Veterans affairs hospital
Credit: Veterans Health/Flickr

As a veteran who served in Vietnam and then has spent nearly 30 years as a psychologist at the Veterans Health Administration (VHA), I am heartened by President Donald Trump’s pick for Secretary of Veterans Affairs. Dr. David J. Shulkin, who served as undersecretary for health in the VA under Obama, is very different from Trump’s other cabinet picks. He supports the VHA’s mission and is opposed to privatizing VHA services. Although he believes veterans should be able to receive care from private sector providers, he wants that care to be integrated into the VHA system, which, as all evidence shows, delivers higher quality care to veterans at lower cost than the private sector ever could.

That said, there is still a lot to worry about as Congress, the media and the president continue to publish misleading articles about the VHA and propose legislation that will end up jeopardizing its quality and even its very existence.

Consider for example, how VA healthcare is portrayed in much of the media.
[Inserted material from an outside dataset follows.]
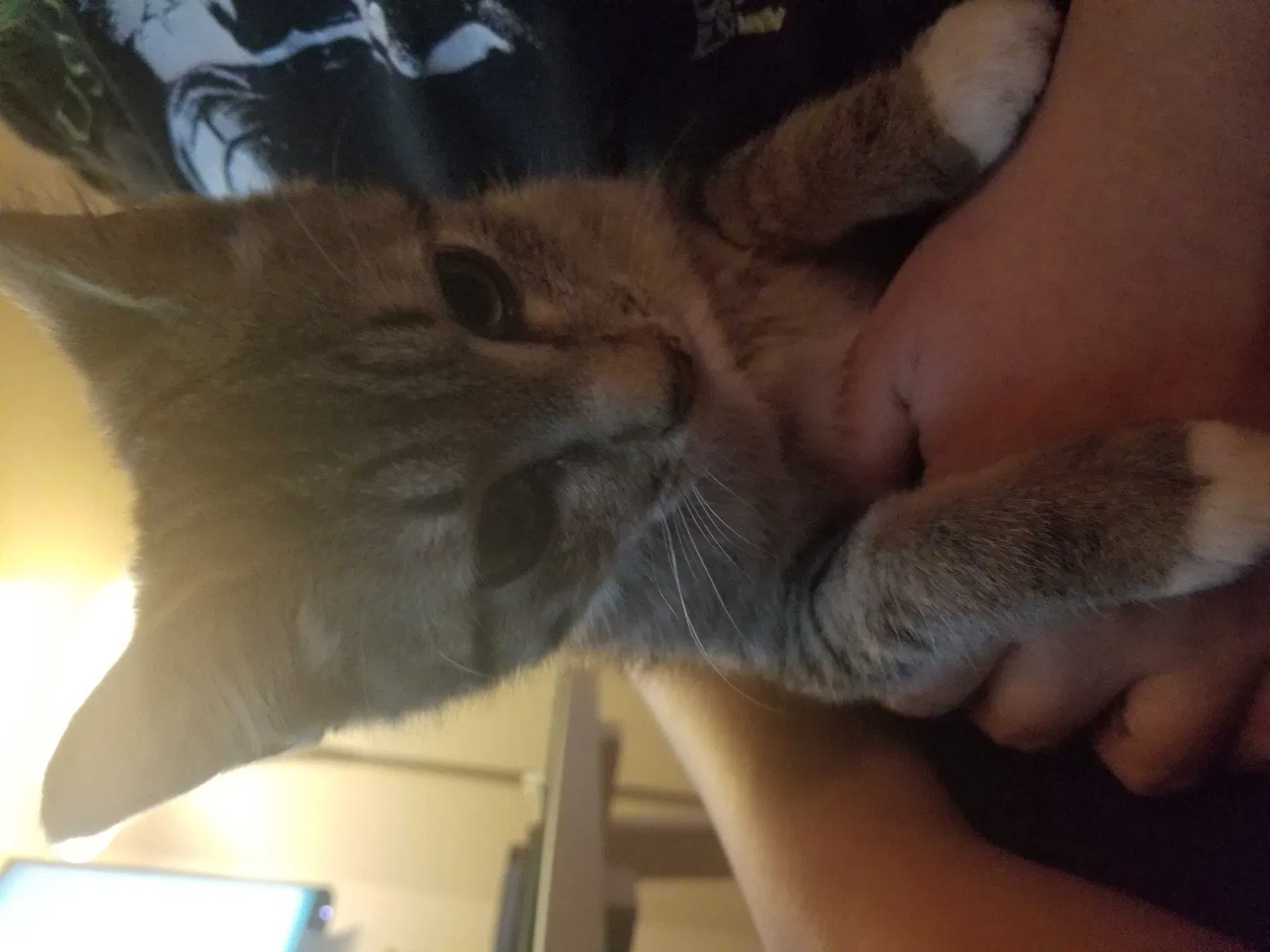 Lost cat in El Paso, TX, 79928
The Wall Street Journal recently ran the headline: “The VA Hooked Veterans on Opioids, Then Failed Them Again.” But the article, which focuses on a VA facility in Fayetteville, North Carolina, goes on to reveal to those who read it closely that the VA treatment protocols include some of the most sophisticated tools available, including video Telehealth, extended hours appointments, community partnerships, and extraordinary recruitment efforts for staff.
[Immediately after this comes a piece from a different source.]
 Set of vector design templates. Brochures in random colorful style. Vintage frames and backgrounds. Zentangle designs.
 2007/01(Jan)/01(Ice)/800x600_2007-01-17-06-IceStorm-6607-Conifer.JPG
This is not the first article to lambast the VHA for allegedly hooking veterans on opioids and then failing to wean them from dangerous narcotics. What these articles consistently leave out is the context. In many cases, veterans come to the VHA after leaving the military where they were prescribed opioids for pain and other complex conditions. In others, VHA clinicians prescribed opioids during a period when all American physicians were encouraged to treat pain more aggressively. The pendulum has swung in the opposite direction, and the VHA is trying valiantly to swing with it. It offers all sorts of programs to wean veterans from narcotics and help them manage their chronic pain through treatments such as acupuncture, meditation, and mental health counseling.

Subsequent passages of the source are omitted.